Surprise! Federal court revives pay data in EEO-1 report requirement

Posted March 7, 2019

In an interesting twist on an issue that appeared to be under wraps, on March 4, 2019, the U.S. District Court for the District of Columbia revived the requirement that employers include pay information in the EEO-1 reports, and the court wants the revision to be effective immediately.

History

Pursuant to Title VII of the Civil Rights Act of 1964, employers are required to “make and keep such records relevant to the determination[] of whether unlawful employment practices have been or are being committed, . . . preserve such records” and produce reports as mandated by EEOC. This is the basis of the EEO-1 report, which requires employers to report the number of individuals employed by job category, sex, race, and ethnicity.

On February 1, 2016, the EEOC announced its intention to revise the EEO-1 data collection to include information on employees’ W-2 earnings and hours worked to help enforcement of equal pay laws. The collection of pay data was to begin with the 2017 reporting cycle, and EEO-1 respondents were required to submit their reports by March 31, 2018.
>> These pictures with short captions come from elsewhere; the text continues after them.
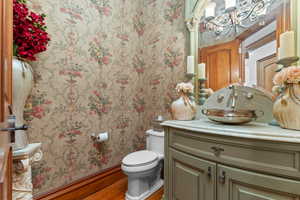 Bathroom featuring wallpapered walls, vanity, and wood finished floors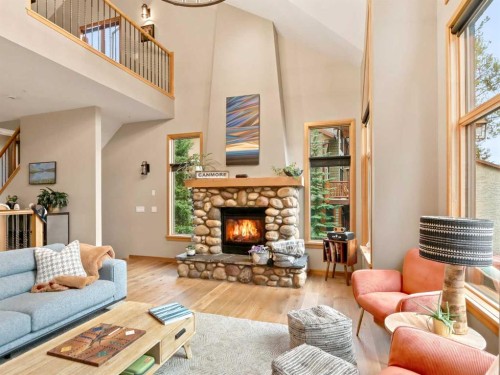11-137 Wapiti Close, Canmore, AB - Indoor Photo Showing Living Room With Fireplace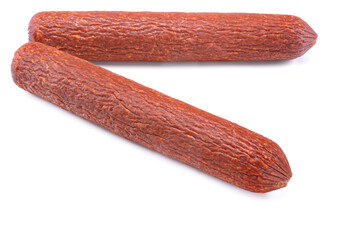 Stick of raw smoked sausage close-up. Isolated on a white background.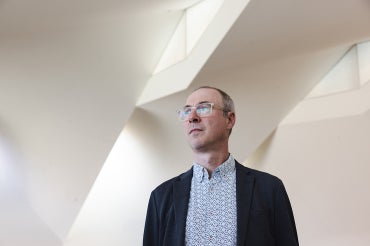Mason White stands inside the Daniels Building on the St. George campus.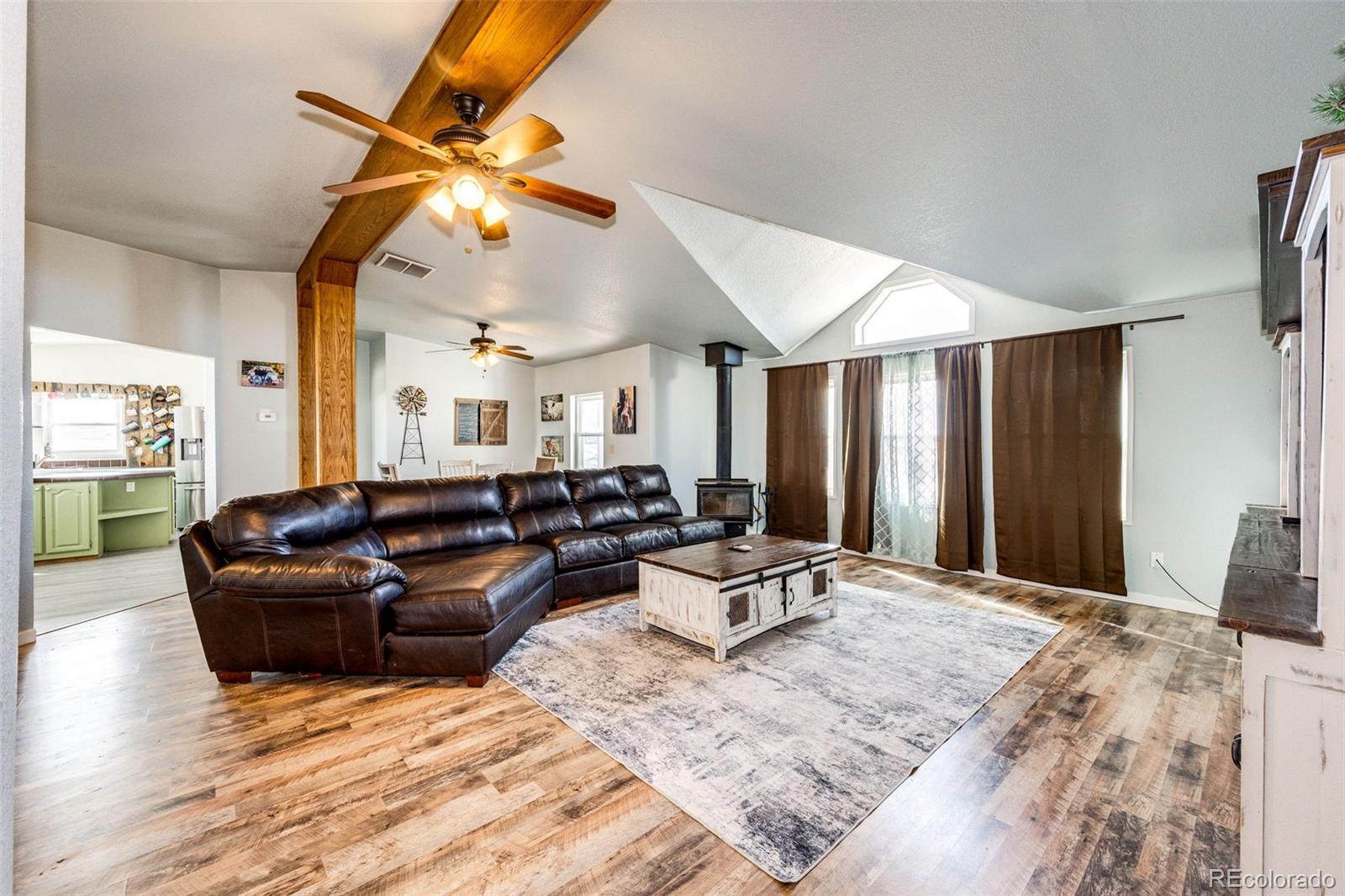 26101 Flower Circle Simla, CO 80835 - Photo 1 of 48 a living room with furniture and a flat screen tv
In 2017, however, the federal Office of Management and Budget (OMB) halted the requirement. In response, the OMB was sued, with the plaintiffs arguing that the agency overstepped its authority when it halted the revised EEO-1 report. The plaintiffs wanted to access the statistics on pay equity that would result from the enhanced report.

In this latest ruling, the court indicated that the OMB did not demonstrate a good cause for halting the revised requirement. As a means of fashioning an appropriate remedy, the court generally vacated the OMB’s 2017 halt of the revision, reviving the expanded requirement.

The plaintiff has requested that the OMB publish a Federal Register notice announcing this reinstatement or take equivalent action necessary to immediately reinstate the pay data collection.

This latest move will likely undergo further litigation, but employers should keep this on their radar and act accordingly, particularly since false reporting could subject them to fines or imprisonment.